Самая узкая специализация была у меня. Флот! Сказывалось не только мое давнее тяготение к морю, кораблям, но и веление времени. Как раз в эту пору усилия всей страны были направлены на строительство крупного океанского и морского флота. На Балтике входили в строй все новые и новые корабли, в том числе крейсера «Киров», «Максим Горький», эскадренные миноносцы. По скорости хода и вооружению они не имели себе равных за рубежом.

В соответствии с доктриной того времени «кто силен в воздухе — тот вообще силен» на флотах создавалась крупная морская авиация…

Почти изо дня в день на страницах «Правды» и других газет публиковались материалы о боевой и политической подготовке флота, походах, учениях, артиллерийских стрельбах…
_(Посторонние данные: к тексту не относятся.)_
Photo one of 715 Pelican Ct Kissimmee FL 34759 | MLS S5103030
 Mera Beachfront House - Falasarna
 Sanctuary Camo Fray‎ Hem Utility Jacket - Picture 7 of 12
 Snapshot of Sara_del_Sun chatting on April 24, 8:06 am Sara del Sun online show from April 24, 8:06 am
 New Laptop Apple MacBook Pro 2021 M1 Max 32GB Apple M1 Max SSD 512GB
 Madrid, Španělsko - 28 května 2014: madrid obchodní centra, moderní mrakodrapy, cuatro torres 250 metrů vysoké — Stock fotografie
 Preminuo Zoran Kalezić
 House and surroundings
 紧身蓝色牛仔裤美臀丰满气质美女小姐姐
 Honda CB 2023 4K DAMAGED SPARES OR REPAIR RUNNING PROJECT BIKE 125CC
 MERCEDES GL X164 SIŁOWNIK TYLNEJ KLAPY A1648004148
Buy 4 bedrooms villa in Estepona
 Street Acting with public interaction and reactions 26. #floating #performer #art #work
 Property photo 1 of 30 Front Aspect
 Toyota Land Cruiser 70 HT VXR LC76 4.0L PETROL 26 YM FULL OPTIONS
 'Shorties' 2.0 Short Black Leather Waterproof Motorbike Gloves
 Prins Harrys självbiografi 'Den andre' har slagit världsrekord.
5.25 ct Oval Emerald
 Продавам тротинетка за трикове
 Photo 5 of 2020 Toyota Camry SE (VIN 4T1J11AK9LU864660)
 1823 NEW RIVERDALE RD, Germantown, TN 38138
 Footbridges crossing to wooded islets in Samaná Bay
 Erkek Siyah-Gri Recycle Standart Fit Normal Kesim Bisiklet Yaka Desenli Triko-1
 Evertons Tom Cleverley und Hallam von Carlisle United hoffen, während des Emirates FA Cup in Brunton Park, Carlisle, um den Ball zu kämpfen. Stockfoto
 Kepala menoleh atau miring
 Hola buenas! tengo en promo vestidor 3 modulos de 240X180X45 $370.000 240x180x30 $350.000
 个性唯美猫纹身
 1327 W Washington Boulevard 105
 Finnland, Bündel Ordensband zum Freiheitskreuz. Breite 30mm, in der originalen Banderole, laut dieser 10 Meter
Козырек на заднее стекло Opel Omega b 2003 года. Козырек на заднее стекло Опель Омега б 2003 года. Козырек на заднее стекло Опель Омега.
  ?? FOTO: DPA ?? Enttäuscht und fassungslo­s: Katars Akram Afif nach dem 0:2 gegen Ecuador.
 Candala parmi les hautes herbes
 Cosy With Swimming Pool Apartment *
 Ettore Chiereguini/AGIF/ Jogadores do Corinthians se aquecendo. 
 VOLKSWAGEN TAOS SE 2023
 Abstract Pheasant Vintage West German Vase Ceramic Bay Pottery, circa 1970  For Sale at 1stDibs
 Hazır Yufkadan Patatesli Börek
Кронштадт — вотчина балтийских моряков — стал мне мил и дорог. Я подолгу там жил на кораблях или в Доме флота, поддерживая самые дружеские связи с работниками Политуправления и начальником Пубалта дивизионным комиссаром Петром Ивановичем Бельским, который пользовался на флоте большим уважением. Он был невелик ростом и тучен, с гладкой, будто полированной, головой, но обладал завидной подвижностью и за день успевал побывать во многих местах.

Как-то раз прямо с рейсового парохода я нагрянул к нему посоветоваться, о чем бы следовало написать. Он снял трубку, позвонил оперативному дежурному штаба флота, узнал, какие корабли готовятся к выходу в море и предложил:

— Сходите на сторожевике. Новый корабль. Летит быстрее лани. Пронесетесь с ветерком. Посмотрите, как отрабатываются боевые задачи, и будет вам нужный материал…

Я тут же отправился на знаменитую кронштадтскую «Рогатку». В невероятной тесноте борт к борту стояли там десятки кораблей. Среди них затерялся небольшой сторожевик «Пурга», куда послал меня Петр Иванович. Корабль находился в часовой готовности. Вечером мы вышли в море. Поход продолжался двое суток. Решались учебно-боевые задачи, были зачетные стрельбы. По возвращении в Кронштадт я опять явился к Петру Ивановичу и показал первоначальный набросок корреспонденции, которая называлась «В дозоре». Он одобрил и сказал, улыбаясь:

— Ну вот видите, что значит окунуться в самую гущу моряцкой жизни.